広辞苑によると、「輪」は、長いものを曲げて丸くしたもの。
車軸を中心に回転して車を進める円の道具。
「環」は玉の輪。
輪の形を成す物とされています。
「輪」の項に「環」は類語として示されており、これらの意味が非常に似ていることを表しています。
しかし漢字の成り立ちを見れば、その成立の仕方や用途に微妙に違いがあります。
今回はその違いについて調べてみましょう。
「輪」の意味
字義は、主に、車の「輪」、車の様に丸いもの、車、車を数える言葉です。
この字が車の発明によって出現し発展してきたことがわかります。
歴史的にみると、車輪の発明は、古代の人類最大の発明の一つだと言われます。
この発明が発展して歯車の発明につながっていきました。
歯車は、原始的コンピューターであると言われています。
「環」の意味
「環」の字義は、「たまき」や「璧(へき)」の一種、穴の直径が周辺の幅と等しいものをいいます。
また、「わ」、「かん」、輪状のもの、「めぐる」という意味です。
これらを見ると、「環」は、「たまき・古代の腕飾りの一種」、または、「璧・中央に孔のある円盤状の玉」と関係ある文字であることが判ります。
「たまき」や「璧」は、古代の上流社会を象徴する装飾具でした。
とくに、「璧」は、古代中国王朝の地方官に下賜され、その地位と権力を保障したものです。
この「璧」から「完璧」という言葉も生まれました。
「輪」と「環」の解字と用途
「輪」は、解字すると、左右に部首が分かれます。
左側の「車」は、音符を表し「リン」と発音させます。
右側は、「筋道が立つ」という意味を表します。
車の矢が放射線状に秩序を持って並んでいることが、このような意味を生み出したと考えられます。
環は、解字すると「王」=「玉」と右側の部首にわかれます。
右側が「めぐらす」という意味を持っています。
両字とも、円を表すとき使います。
「輪」と「環」の歴史的意味
「輪」も「環」も円を表していますが、「輪」はその円の形状をより表し、「環」は動作的な要素に特化して、輪状に巡らすことを意味しているように思います。
「輪」は、車輪をイメージしていることは言うまでもありません。
古代の大発明は、それらがいつ発明されたかわからないのですが、古代中国に於いては、兵馬俑の遺跡でも分るように、秦のころには盛んに戦車が使用されていました。

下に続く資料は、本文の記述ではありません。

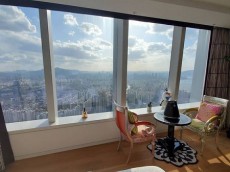 ジュンス（JYJ）、ソウルを一望できる豪華な自宅を公開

一方、「環」は本来、「たまき」や「璧」を表したものと考えられますが、それが動作を表すものに変化していったのは、「たまき」の表す「玉」に関係があるのではないかと思います。
古代「玉」は、「命・いのち」を表しました。
「たまき」は、腕輪で二の腕の上部につけたといわれます。
心臓の感覚を感じられる部分です。
血が全身を巡る感覚が、「巡る」という字義を生み出したのではないでしょうか。
両字とも、歴史が感じれれる文字です。